Um desto wichtiger wird durch den hohen Stand des Bühnendichters jedes Reden, Lispeln, Stammeln, Schnauben, ja Husten desselben und hier gelangen wir endlich zur Tollheit. Poeten suchen und pflegen sie sehr, und die tragischen würden gern, wenn sie dürften, ganze Stücke hindurch im Wahnsinn sprechen, anstatt daß man ihnen dafür bloße Leidenschaft als Surrogat vergönnt. Zum Glücke hat der neuere Dichter den Ausweg erfunden, im Stücke eine oder ein paar Personen anzustellen, welche toll sind. In diesen kann der Tragiker bequem leben und weben; ihm als König werden, wie in England, die Reden nicht zugerechnet, die er durch seinen Bühnen-Minister halten läßt.
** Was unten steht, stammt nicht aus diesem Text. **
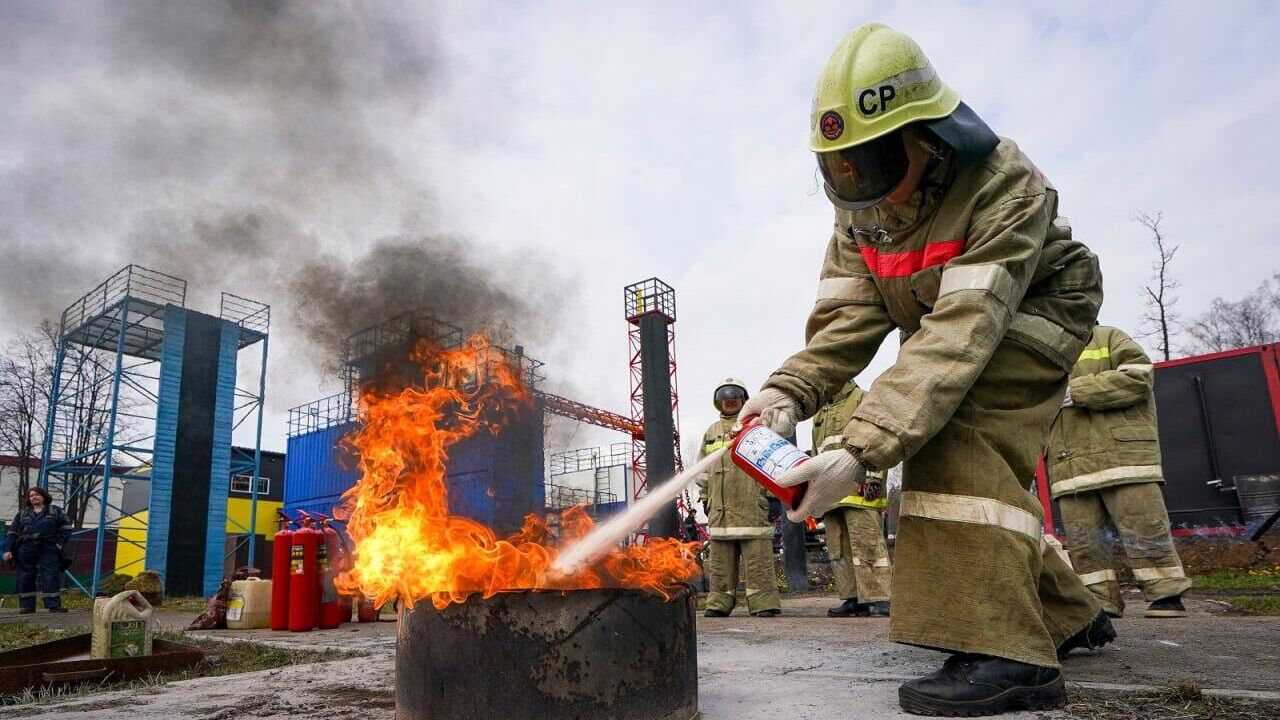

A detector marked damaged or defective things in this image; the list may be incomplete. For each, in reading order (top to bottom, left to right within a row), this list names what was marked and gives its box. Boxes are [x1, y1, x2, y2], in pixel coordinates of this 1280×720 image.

rusty metal barrel [399, 584, 701, 717]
Wie ein Mann im Mittelalter Campionen oder Champions oder Geschäftträger haben konnte, die statt seiner fochten und schwuren, ja die statt seiner tranken: so ist ein Wahnsinniger ein guter Champion des Poeten, und er kann sich durch ihn aussprechen, so daß ihm ein oder ein paar Tolle im Stücke wohl so gut als dem Mittelalter die Narren- und Eselfeste und die Fastnachttollheiten zuschlagen, diese bekannten Ableiter und Abführmittel angehäuften Tollheitstoffs. Wenn Schiller, Goethe keine Wahnsinnige, und Shakespeare nach Verhältnis seiner Stücke-Zahl nur wenige aufzeigt: so braucht der neuere Tragiker davon keine Anwendung auf sich zu machen, er kann ihrer nicht genug auf- und unterstellen, und könnt' er sich in jedem Akte eine närrisch gewordne Rolle, wie sonst in Frankreich jedes Schweizerregiment einen Regiment-Hanswurst, halten: desto wohltätiger wirkte es auf ihn, ja auf den Spieler selber, er müßte denn gar noch etwas Besseres, nämlich das Beste erringen. Und dies wäre ein Trauerspiel, worin lauter Verrückte auftreten und kein einziger vernünftiger Mensch; aber dahin hat die Kunst noch weit. Begnügen wir uns mit den Tollen, die wir wirklich besitzen. Auch diese wenigen erleichtern dem Dichter und dem Spieler das Darstellen sichtbar, da der Wahnsinn eine Unzahl Linien, der Sinn hingegen nur eine bestimmte zu wählen und zu treffen gibt, und da wieder diese eine jedem zum Beurteilen bekannt ist, jene aber nicht allen, so wie einer ähnlichen Unbekanntschaft wegen ein Baumschlag leichter zu zeichnen ist als ein Menschen-Angesicht.